Financiación y algo más
De dos factores principales depende, hoy por hoy, el porvenir de nuestra universidad pública: de que disponga de más recursos y de que sean mejor empleados, lo cual equivale a otro sistema de gobierno universitario. Después de un ciclo expansivo con resultados globalmente positivos, el sistema universitario en su diseño actual ha agotado sus posibilidades. Su mayor complejidad ha desbordado previsiones económicas y ha hecho inservibles sus mecanismos de gobierno.Por lo que hace a la financiación y si se aspira a un razonable nivel de calidad, es menester -nadie lo niega- un mayor esfuerzo económico. A pesar del incremento cierto de los últimos años, nuestra relación PIB per cápita / estudiante universitario es todavía inferior, a la de la Europa de nuestro entorno.
¿Quién debe correr ahora con la obligación de este esfuerzo económico adicional? La educación universitaria debe seguir siendo un servicio público subvencionado, porque persigue -junto a beneficios individuales claros un beneficio colectivo: progreso económico y bienestar social, a partir de una mejor formación y mayor movilidad social.

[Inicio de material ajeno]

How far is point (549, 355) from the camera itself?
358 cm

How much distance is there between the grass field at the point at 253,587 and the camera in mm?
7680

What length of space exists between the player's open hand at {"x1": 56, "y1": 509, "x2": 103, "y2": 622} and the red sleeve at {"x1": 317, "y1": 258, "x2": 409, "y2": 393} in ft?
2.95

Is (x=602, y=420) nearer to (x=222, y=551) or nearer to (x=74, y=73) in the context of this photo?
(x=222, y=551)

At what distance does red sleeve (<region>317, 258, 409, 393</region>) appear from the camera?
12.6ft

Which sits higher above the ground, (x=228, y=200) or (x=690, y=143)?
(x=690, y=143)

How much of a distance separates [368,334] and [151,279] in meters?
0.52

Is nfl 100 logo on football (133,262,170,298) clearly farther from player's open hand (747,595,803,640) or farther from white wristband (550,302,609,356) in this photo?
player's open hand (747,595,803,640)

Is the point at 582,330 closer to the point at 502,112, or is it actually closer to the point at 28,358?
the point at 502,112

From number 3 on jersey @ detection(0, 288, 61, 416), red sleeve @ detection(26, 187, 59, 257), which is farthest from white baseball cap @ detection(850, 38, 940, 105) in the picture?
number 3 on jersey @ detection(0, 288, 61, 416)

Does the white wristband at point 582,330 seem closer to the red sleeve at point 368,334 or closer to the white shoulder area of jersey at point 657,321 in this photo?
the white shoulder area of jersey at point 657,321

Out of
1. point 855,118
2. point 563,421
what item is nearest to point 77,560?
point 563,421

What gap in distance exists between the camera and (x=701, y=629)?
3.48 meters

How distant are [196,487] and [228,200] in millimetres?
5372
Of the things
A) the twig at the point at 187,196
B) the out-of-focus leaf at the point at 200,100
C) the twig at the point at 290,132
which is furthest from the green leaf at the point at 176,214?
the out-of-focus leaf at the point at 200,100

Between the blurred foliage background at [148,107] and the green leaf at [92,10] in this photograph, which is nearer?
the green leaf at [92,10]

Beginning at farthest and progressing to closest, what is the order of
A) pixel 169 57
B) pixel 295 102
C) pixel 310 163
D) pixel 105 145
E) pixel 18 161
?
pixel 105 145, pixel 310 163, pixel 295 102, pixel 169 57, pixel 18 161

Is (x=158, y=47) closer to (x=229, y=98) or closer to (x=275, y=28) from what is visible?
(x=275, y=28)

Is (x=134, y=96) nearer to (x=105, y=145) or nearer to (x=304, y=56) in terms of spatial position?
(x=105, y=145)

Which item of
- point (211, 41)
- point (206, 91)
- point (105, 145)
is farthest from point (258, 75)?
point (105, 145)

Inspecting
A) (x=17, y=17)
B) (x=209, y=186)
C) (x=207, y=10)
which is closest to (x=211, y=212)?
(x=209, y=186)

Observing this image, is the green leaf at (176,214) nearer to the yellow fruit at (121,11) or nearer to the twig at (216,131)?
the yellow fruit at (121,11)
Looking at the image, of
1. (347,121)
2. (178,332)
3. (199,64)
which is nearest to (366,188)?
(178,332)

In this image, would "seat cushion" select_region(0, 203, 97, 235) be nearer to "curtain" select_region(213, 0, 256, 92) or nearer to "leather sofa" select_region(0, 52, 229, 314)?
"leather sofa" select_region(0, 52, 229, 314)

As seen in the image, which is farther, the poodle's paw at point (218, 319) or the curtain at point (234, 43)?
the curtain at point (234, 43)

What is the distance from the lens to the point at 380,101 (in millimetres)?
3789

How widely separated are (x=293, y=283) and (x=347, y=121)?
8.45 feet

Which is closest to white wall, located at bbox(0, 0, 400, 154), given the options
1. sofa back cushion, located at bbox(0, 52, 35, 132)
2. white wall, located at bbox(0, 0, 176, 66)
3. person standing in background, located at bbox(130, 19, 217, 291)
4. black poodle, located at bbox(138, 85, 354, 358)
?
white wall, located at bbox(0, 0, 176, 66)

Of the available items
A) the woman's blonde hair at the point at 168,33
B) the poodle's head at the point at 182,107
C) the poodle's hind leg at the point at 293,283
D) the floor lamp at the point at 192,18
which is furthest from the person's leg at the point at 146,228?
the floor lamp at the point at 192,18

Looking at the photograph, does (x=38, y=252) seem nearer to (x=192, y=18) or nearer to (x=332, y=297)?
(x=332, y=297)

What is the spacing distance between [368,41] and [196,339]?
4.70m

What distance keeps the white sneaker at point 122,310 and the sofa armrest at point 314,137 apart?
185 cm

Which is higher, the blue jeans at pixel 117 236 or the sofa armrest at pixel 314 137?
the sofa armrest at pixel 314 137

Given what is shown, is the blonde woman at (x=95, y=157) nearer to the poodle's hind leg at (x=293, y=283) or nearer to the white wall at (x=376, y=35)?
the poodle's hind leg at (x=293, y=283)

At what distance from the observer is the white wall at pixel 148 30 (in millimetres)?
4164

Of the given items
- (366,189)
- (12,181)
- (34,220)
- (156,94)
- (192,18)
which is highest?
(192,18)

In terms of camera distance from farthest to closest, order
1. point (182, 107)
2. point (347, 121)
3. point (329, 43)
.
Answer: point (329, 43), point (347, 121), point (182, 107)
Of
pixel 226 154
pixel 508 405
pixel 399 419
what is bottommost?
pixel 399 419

Pero con esta afirmación de principio no resolvemos los problemas de financiación. El sector público puede: incrementar, su contribución actual. Pero no en la medida necesaria. Recordemos las consignas dominantes: freno a la presión fiscal, reducción del déficit público y limitación del endeudamiento. Bajo estas condiciones, las universidades están condenadas a competir en el reparto presupuestario con contrincantes muy poderosos: niveles educativos obligatorios, atención sanitaria, seguridad social o servicio de la deuda. No caben, pues, demasiadas ilusiones sobre un mayor esfuerzo del sector público.

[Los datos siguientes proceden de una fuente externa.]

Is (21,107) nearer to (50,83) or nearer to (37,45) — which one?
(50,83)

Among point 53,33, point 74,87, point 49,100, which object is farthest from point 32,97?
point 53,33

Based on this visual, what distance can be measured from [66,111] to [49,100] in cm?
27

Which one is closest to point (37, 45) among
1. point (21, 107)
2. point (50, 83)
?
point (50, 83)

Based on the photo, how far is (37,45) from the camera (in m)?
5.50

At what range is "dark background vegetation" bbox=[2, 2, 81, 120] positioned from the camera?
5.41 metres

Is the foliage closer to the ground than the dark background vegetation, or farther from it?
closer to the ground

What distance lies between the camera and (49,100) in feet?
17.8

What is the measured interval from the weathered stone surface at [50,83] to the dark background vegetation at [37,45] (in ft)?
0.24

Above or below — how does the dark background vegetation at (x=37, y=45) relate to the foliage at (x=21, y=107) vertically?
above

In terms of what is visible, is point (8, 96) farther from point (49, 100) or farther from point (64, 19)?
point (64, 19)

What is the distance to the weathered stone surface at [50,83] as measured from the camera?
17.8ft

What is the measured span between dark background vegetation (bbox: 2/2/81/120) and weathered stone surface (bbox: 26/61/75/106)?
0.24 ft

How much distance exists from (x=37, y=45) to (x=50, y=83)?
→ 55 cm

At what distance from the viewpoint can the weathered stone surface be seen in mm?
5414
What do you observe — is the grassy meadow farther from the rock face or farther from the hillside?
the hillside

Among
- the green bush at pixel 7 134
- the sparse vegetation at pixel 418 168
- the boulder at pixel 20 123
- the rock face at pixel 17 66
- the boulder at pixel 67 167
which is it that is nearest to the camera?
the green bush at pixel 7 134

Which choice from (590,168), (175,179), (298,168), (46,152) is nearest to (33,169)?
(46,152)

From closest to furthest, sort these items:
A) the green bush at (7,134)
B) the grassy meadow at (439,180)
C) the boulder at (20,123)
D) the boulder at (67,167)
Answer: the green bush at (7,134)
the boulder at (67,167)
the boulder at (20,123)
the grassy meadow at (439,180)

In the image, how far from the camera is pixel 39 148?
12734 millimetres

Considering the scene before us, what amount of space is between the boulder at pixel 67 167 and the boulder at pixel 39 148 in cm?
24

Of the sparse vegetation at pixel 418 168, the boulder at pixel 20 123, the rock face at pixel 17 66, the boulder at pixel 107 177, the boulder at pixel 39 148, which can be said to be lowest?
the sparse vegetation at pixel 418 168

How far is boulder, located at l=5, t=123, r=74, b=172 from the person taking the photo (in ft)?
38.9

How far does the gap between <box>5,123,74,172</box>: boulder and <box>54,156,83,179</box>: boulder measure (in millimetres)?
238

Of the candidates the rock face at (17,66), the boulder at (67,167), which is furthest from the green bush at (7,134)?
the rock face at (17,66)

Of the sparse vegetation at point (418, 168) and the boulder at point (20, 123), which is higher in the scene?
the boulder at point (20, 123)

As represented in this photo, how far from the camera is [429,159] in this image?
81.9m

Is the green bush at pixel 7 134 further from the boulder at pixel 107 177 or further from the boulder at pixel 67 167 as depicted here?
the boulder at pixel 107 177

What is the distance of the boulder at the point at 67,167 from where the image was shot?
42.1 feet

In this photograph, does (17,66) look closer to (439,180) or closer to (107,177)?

Pero también desde una, perspectiva de conveniencia se plantean dudas razonables sobre la equidad y la eficiencia del actual sistema de subvenciones. Hay que preguntarse en serio sobre su forma y distribución y examinar alternativas. Ya sabemos que el replanteamiento del actual sistema suscita -es lógico- la oposición de sus beneficiarios directos. Esta oposición apenas atiende a los perjuicios que causa a los actualmente excluídos de la educación superior. O a los futuros candidatos a la misma, que accederán -si no se remedian los incovenientes actuales- a una universidad más deteriorada.

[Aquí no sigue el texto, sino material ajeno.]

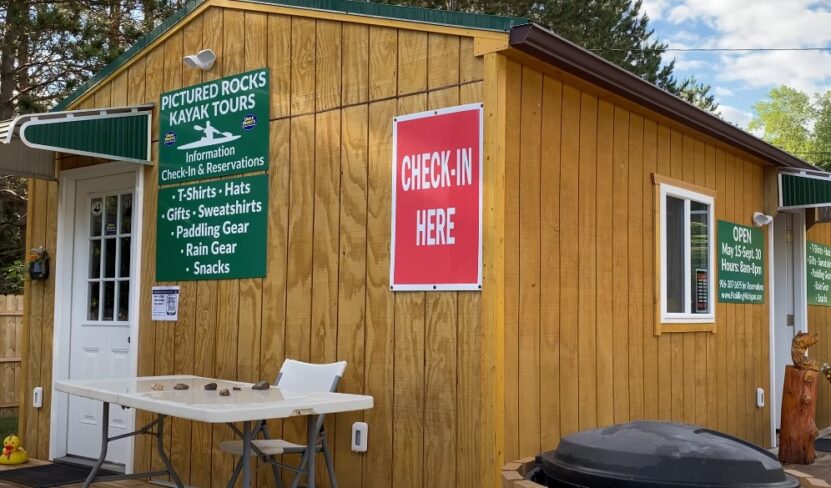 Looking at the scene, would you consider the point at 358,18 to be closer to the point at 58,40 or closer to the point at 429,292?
the point at 429,292

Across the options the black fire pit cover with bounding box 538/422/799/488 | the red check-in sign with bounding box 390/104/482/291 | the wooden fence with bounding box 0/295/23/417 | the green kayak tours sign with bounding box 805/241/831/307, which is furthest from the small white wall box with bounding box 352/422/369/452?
the wooden fence with bounding box 0/295/23/417

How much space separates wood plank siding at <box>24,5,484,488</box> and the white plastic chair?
0.15 metres

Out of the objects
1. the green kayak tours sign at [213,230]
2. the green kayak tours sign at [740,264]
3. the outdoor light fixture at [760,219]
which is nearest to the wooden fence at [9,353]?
the green kayak tours sign at [213,230]

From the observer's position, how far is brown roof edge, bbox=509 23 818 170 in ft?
14.6

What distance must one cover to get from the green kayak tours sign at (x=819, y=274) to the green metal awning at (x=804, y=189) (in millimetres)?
1266

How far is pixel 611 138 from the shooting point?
5555mm

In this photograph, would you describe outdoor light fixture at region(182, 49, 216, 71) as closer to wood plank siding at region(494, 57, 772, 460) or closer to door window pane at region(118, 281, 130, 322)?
door window pane at region(118, 281, 130, 322)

En esta tensión, algunos responsables políticos y universitarios pueden sentrse vulnerables -como hemos comprobado- a los costes electorales de sus decisiones. Pero no por ello podemos eludir un diálogo solvente y a fondo sobre el asunto. Otros países lo han iniciado, con la opinión de los expertos -en forma de encuesta o "libro blanco"- y propiciando la comparecencia de tales expertos y de los sectores sociales interesados ante comisiones parlamentarias competentes. La iniciativa para una "ley de financiación" podría contribuir a dicho diálogo, si se esquivan los planteamientos simplistas que tanto dificultan la búsqueda de soluciones solidarias y viables.
En todo caso, subrayemos la responsabilidad social -y no sólo del Estado- en la financiación de la universidad pública. Señalemos previsiones temporales que superen el presupuesto anual, inadecuado para tareas de maduración lenta como son la formación y la investigación. Y revisemos un gobierno universitario que conduce de hecho a la privatización de la universidad - en beneficio de los estamentos que la controlan-, alejándola de objetivos sociales a largo plazo.
Quienes afirman creer todavía en la razón de una universidad pública de calidad no pueden dar la batalla por perdida.